REQUIRED WORK: Word for word, repeat the lines of the records from the one containing "Rhyme (formerly Roamy)" through the last line, both included.

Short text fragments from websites
<<<<

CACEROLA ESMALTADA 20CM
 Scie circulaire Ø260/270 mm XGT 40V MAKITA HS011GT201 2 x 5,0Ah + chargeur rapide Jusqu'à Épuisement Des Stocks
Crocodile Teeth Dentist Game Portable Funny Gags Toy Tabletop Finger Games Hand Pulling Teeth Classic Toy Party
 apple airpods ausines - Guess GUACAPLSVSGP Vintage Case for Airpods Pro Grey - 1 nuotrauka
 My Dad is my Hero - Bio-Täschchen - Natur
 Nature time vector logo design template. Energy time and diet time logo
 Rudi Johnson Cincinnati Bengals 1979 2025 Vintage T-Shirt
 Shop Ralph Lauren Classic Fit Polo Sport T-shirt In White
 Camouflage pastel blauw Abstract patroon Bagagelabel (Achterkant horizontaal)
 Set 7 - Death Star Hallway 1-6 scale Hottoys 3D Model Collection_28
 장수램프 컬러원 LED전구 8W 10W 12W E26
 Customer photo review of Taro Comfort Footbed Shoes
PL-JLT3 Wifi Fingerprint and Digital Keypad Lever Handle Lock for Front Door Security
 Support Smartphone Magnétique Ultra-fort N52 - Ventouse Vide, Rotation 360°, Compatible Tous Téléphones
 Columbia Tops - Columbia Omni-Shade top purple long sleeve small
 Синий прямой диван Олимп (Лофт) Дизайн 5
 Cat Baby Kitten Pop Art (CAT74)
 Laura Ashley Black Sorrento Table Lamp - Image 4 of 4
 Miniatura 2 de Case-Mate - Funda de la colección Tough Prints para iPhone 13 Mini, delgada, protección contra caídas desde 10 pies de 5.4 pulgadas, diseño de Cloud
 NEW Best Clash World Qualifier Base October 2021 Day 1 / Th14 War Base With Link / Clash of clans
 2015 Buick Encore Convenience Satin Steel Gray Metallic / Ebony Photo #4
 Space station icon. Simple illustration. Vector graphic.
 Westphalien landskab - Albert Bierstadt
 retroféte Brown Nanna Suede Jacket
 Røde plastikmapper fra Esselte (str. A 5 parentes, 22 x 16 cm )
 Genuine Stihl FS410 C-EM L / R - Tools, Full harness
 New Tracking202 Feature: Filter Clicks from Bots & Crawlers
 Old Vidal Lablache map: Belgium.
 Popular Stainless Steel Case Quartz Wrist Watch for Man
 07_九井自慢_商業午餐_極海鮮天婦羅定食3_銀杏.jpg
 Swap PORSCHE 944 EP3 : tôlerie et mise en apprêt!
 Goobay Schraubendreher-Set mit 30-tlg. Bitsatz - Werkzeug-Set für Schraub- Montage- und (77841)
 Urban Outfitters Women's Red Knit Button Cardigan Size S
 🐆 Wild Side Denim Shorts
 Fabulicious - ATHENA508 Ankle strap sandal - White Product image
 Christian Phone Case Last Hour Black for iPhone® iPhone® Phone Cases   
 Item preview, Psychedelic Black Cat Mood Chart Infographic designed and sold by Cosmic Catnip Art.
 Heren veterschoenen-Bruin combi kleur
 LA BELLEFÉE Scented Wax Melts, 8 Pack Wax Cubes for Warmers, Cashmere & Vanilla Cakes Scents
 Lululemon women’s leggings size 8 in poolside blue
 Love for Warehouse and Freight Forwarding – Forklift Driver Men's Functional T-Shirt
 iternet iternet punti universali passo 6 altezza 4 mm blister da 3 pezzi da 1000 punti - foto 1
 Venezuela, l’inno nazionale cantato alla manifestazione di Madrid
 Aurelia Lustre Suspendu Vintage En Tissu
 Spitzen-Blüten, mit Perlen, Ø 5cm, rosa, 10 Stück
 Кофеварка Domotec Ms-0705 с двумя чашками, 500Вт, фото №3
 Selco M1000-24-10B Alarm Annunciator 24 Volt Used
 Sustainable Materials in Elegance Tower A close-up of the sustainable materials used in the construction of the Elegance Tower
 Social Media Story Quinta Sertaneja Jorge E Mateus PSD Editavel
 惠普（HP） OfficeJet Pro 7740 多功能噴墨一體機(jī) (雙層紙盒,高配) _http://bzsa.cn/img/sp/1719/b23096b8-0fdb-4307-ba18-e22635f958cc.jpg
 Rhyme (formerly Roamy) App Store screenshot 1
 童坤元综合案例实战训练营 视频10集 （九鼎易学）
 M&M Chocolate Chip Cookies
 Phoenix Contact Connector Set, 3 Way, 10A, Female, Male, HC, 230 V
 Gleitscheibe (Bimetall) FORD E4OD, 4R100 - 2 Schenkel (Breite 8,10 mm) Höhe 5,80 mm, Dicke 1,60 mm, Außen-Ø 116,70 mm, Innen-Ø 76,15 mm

>>>>

EXERCISE RESULT:
 Rhyme (formerly Roamy) App Store screenshot 1
 童坤元综合案例实战训练营 视频10集 （九鼎易学）
 M&M Chocolate Chip Cookies
 Phoenix Contact Connector Set, 3 Way, 10A, Female, Male, HC, 230 V
 Gleitscheibe (Bimetall) FORD E4OD, 4R100 - 2 Schenkel (Breite 8,10 mm) Höhe 5,80 mm, Dicke 1,60 mm, Außen-Ø 116,70 mm, Innen-Ø 76,15 mm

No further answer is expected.